The first couple of weeks were great, I was like chemo is awesome, haha then it hit me with a vengeance in weeks 3 and 4 with plummeting blood pressure.  One weekend it was so low I couldn’t hardly stand upright without falling over.  Fortunately that one has almost resolved itself.

The latest side that I have hit me in week 6, Myalgia! Omg the muscle pain is all over my body and horrible.  Every single muscle in my body hurts.  My joints hurt too but the muscle pain is worse.  I notice it is a lot worse when I get chilly like when the air-con is a little bit cool at work or in bed in the early hours of the morning.

I am finding it hard to walk up stairs, and going for my daily walk feels impossible at the moment, I feel weak and sore, a bit like an old lady actually.  I had my flu needle at work today and the nurse really hurt me because she pinched my skin together before putting the needle in.  I couldn’t even put my fitbit on this morning because it hurt too much to have it on my wrist.
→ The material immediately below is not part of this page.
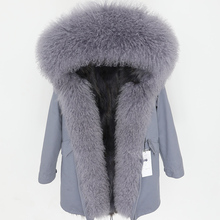 2018 autumn winter women's parka coat thick detachable scorpion liner fur lamb hair super large fur collar overcome 2024 - buy cheap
I hope that this isn’t going to be a long term thing but I kind of suspect it will be. The Endoxan is well and truly in my system so I don’t think I will be feeling better any time soon.

I have to be on it for about another 6 months so joyful times to look forward to!

I guess I need to look at the positives in that it is helping with my eye disease, but when you feel like crap it’s really hard to look at the positives, you just wallow in self pity a bit as the pain takes over.

I am still going to try and do my daily walk, even if it is slower and shorter, I think it be moving will probably help.  I hope so anyway!